On the first two village clinic trips to Bobola Zargassa we saw 480 women and children; we went back two days later to see another 750 men, women and children (see the photos from the 2nd village clinic). Our village clinic days were long: 7:30 a.m. to 11:30 p.m. (by the time we got back to our CMA mission house).

Our third village clinic was in the village of Tempela, a remote location only 35 road miles (23 “crow miles”) away from the hospital, but the roads were so bad-to-nonexistent that it took 80 minutes to get there. The first 25 miles were on a narrow highway and took about 35 minutes. The last 10 miles took 45 minutes—averaging about 13 MPH—switching, swaying and bumping down a dry and dusty dirt road that turned into dry riverbeds leading to the village. The village was like every other one we had seen, made of mud bricks without straw, straight out of the Old Testament.

To get some idea of the remoteness of the place and what the village looks like, check out the Google map below. Zoom in as close as possible (just left and below the marker). Zoom too close and the satellite image gets blurry. You’ll notice the absence of roads. The name of the village doesn’t appear on the map but Koutiala, where the hospital is located, can be seen at about the 2 o’clock position from the village if you zoom out. Click here to see Google Earth Satellite images of where we were located on the third village clinic – Tempela.

Click HERE to see the video of our ride on the creekbeds.

We all met at the hospital at 7:30 a.m. and loaded the tables, privacy screens, supplies, medications into six SUVs and vans, along with hospital staff and our own team and headed for Tempela. This was our third and last visit to a village clinic during our trip to Mali.

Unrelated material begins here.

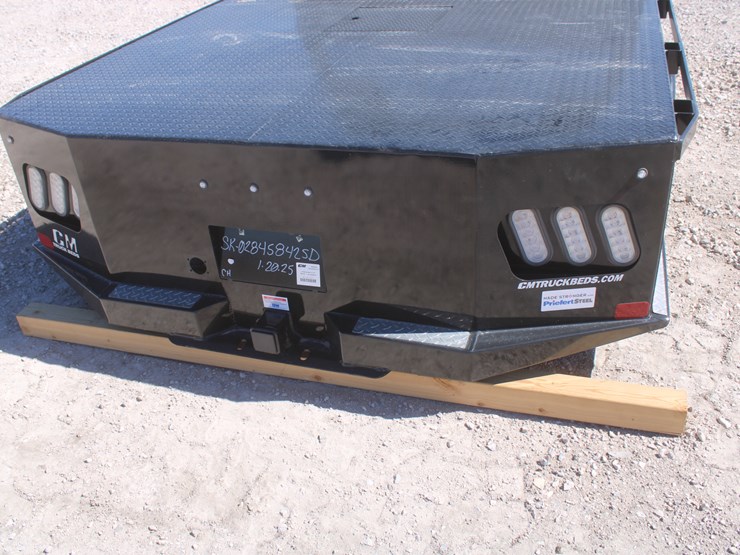 #3009-•-cm-skirted-flatbed-with-4-toolboxes-image-13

This day we saw over 500 patients. Joyce, Nancy, Ali, and Chelsea were processing all of the adults and children, along with the medical assistants from the hospital staff. They triaged any significant illnesses and took any high-risk cases straight to the providers for immediate attention. The adult complaints that Vaughan saw were varied, with a few significant issues diagnosed, but the majority were much the same: musculoskeletal. Low back pain and chest wall pain, the result of the extremely hard life they live, scratching the parched soil for the sparse crops they grow. We had the chance to see them weeding and irrigating a crop of scallions (see the photos).

Dr. Brett McClean and his wife Sherry, a peds nurse practitioner, along with Dr. Jason Foster and the peds nurses from the hospital, held their clinic in the shade of a large tree behind the small building that served as a medical clinic and saw over 250 children that day. At one point I looked out the louvered window of the exam room I was using and saw two little ones plugged into IVs that were hanging from a limb of the tree. What an amazing sight. Scores of mothers and children watching as they stood in a half dozen lines around that large tree, waiting their turn to be seen, while many more were being processed, or were in the pharmacy line to get vitamins or worm meds.

Dr. Nesselroade and Dr. Shringkia (Belgian) managed all the women. Vaughan and Daniel (a Malian medical provider who used to be a village provider, but is now working as the director of personnel at the hospital) saw all the men.

When we finished the village clinic we met some of the regional leaders and were invited to partake in a traditional Mali meal of rice topped with a few cooked veggies and the meat of the day—usually goat or a little bit of chicken. (This was quite the event, filled with tradition and ritual, and is covered as its own topic with photos.) Just after darkness fell (very quickly) each night a different movie depicting the evil of idol worship and animistic gods (which is a very real part of their world) versus belief in the one true God and the Gospel of Jesus Christ. One person the first night and two people the second night professed their belief in Jesus as the Son of God and his sacrifice for our salvation, a very difficult step to take in public in a Muslim-dominated country.